I noticed that if the slow index was force-merged with max_num_segments=1, it would begin to show sub-100ms latency. The moment that the number of segments for the index hit 2, the latency would increase by almost 10x. I obviously can't keep the number of segments at 1, and the test index I created was still outperforming the existing index when it had multiple segments.

During testing, there were no other indicators for the slow speed (tested while there were no other searches coming through, low cpu usage, no problems with hot threads)

  1. Is this sort of latency (over 500ms) reasonable for getting only ~25mb of documents in a query?
  2. Is there any cache that could be utilized to speed up the response? Looking at node stats, the request and query caches are practically empty and filesystem has loads of extra space.

Hi @jwSmith1

Could you specify which version of Elasticsearch you're using?

Regarding your question;

  1. Is this sort of latency (over 500ms) reasonable for getting only ~25mb of documents in a query?

This depends on a number of factors. But the general idea is you're asking Elasticsearch to do (even if indirectly) is read and serialize data from disk & network, which can be slow.

https://stackoverflow.com/a/50936852 is a pretty good breakdown of when/how the Fetch phase comes into play and some possibilities of how you can avoid/mitigate it.

Tune for search speed | Elasticsearch Guide [8.11] | Elastic is a more generic doc on general things to improve performance.

  1. Is there any cache that could be utilized to speed up the response? Looking at node stats, the request and query caches are practically empty and filesystem has loads of extra space.

Yes, there are a few layers of caching that can be leveraged (some in your control, some not so in your control).

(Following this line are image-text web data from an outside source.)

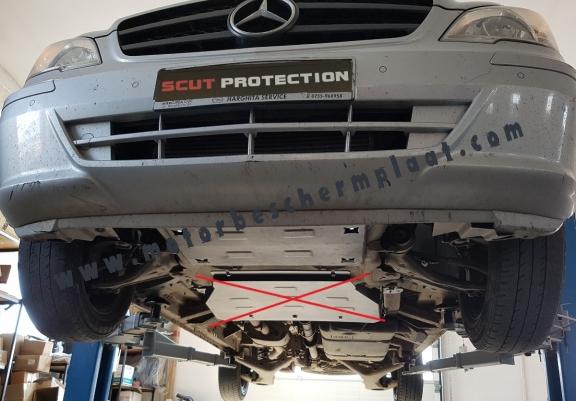 Motor, Versnellingsbak en Radiator Beschermplaat voor Mercedes Viano W639 - 2.2 D 4x2, 4x4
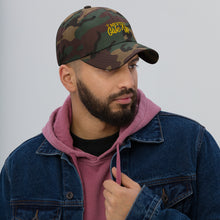 Load image into Gallery viewer, 'Never Give Up' Gold Embroidered Dad Hat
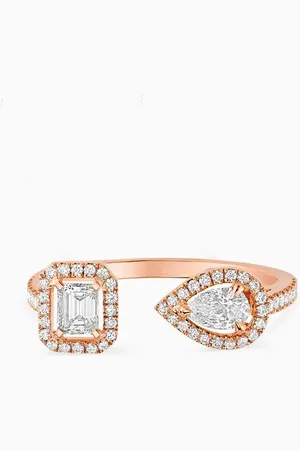 MESSIKA My Twin Toi & Moi Diamond Ring in 18kt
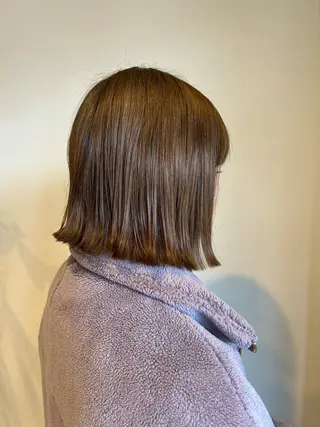 ミディアム カラー 小島 千夏のヘアスタイル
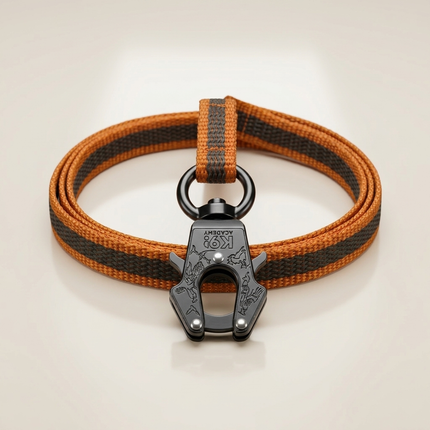 3/8 inch Grip Leash with K9 Academy Clasp | Slim Profile Dog Leash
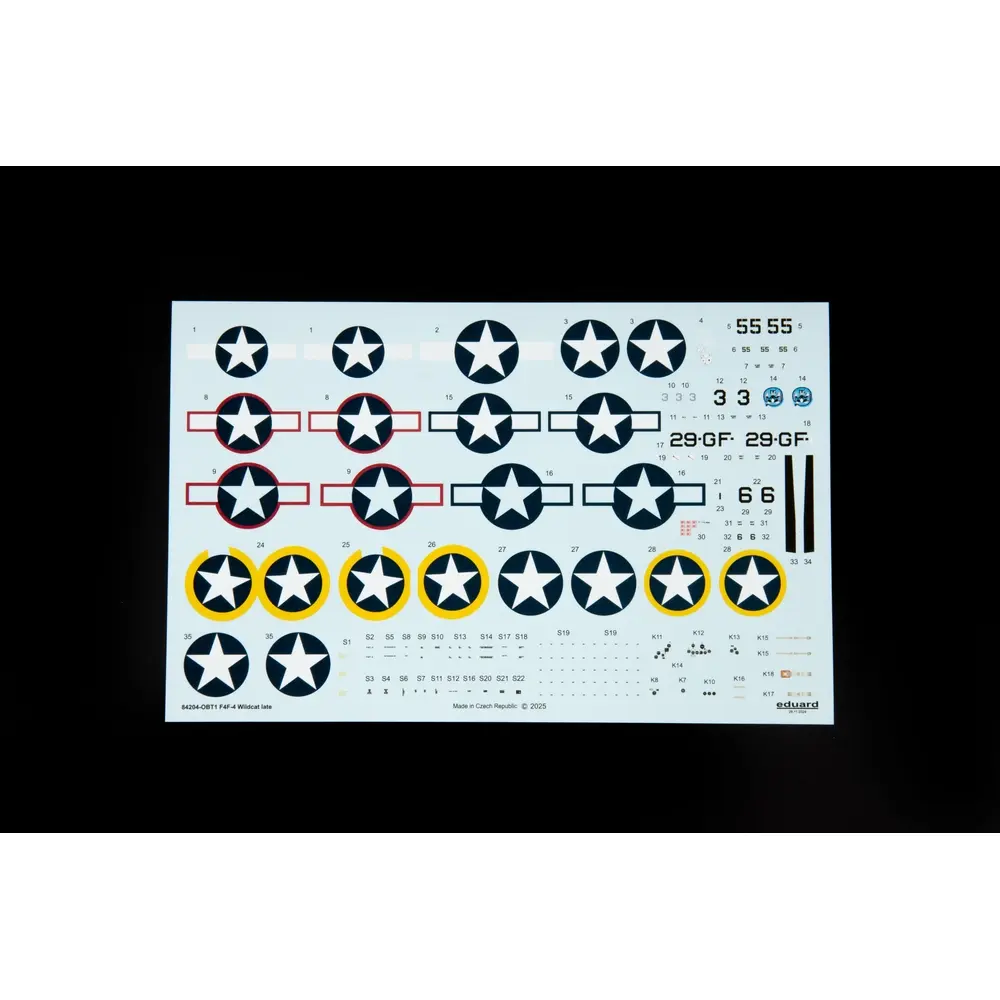 Avion F4F-4 Wildcat late - Eduard Plastic Kits 84204 - 1/48 - 9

Elasticsearch caching deep dive: Boosting query speed one cache at a time | Elastic Blog is a pretty comprehensive dive into the various layers of caching that Elasticsearch leverages. (It is a somewhat old post, but still fairly accurate from what I can find).

Tune for search speed | Elasticsearch Guide [8.11] | Elastic also covers a bit more about caching.

Thanks @BenB196,

I'm on version 7.10.2. It does make sense to me how a lot of data is being fetched for the matchAllQuery, but I'm stuck on why two indices with nearly identical contents and node/shard distributions can give such different results.
I looked into the caching, and neither the shard level request cache or query cache seem applicable to my use case.

  • Query cache- it specifies that shards must have at least 10k docs in order to be cached
  • Request cache - MatchAllQuery is never cached per the caching policy

This is most likely because it is multiple segments, depending on the type of disks you're using, you could be getting hit by random I/O performance, I believe a single segment, might be more generally a sequential I/O.

I'd also recommend testing on a newer version of Elastic, there have been significant changes since 7.10.2, and I believe that some of these changes have touched the fetch phase performance.

That makes sense. Is there any way to effectively keep the number of search segments at 1 for an index that is read/write? The merge policy settings allow segments_per_tier to be a minimum of 2.

None that I'm aware of, in fact this is somewhat discouraged for actively written to indices/shards here.

You have a few options:

  1. 25MB isn't too much data, so regularly force merging on an active index, while not idle probably wouldn't hurt anything.
  2. Look at your underlying storage layer to see if it can be improved.
  3. Look at what you're doing (the query) and see if you can achieve similar results in a better way. Some of the links I provided show some methods which may/may not work depending on your needs.

This topic was automatically closed 28 days after the last reply. New replies are no longer allowed.